*** Opening Exercise data ***

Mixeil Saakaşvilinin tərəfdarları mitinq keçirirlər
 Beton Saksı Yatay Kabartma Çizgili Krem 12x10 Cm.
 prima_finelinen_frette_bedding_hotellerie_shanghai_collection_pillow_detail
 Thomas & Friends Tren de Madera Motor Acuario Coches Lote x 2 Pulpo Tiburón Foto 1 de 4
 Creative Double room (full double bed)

*** Closing Exercise data ***

## Task description:
Emit only the final stretch of the records: the line containing "Thomas & Friends" through the end, each line exactly as it stands.

## Result for this task:
 Thomas & Friends Tren de Madera Motor Acuario Coches Lote x 2 Pulpo Tiburón Foto 1 de 4
 Creative Double room (full double bed)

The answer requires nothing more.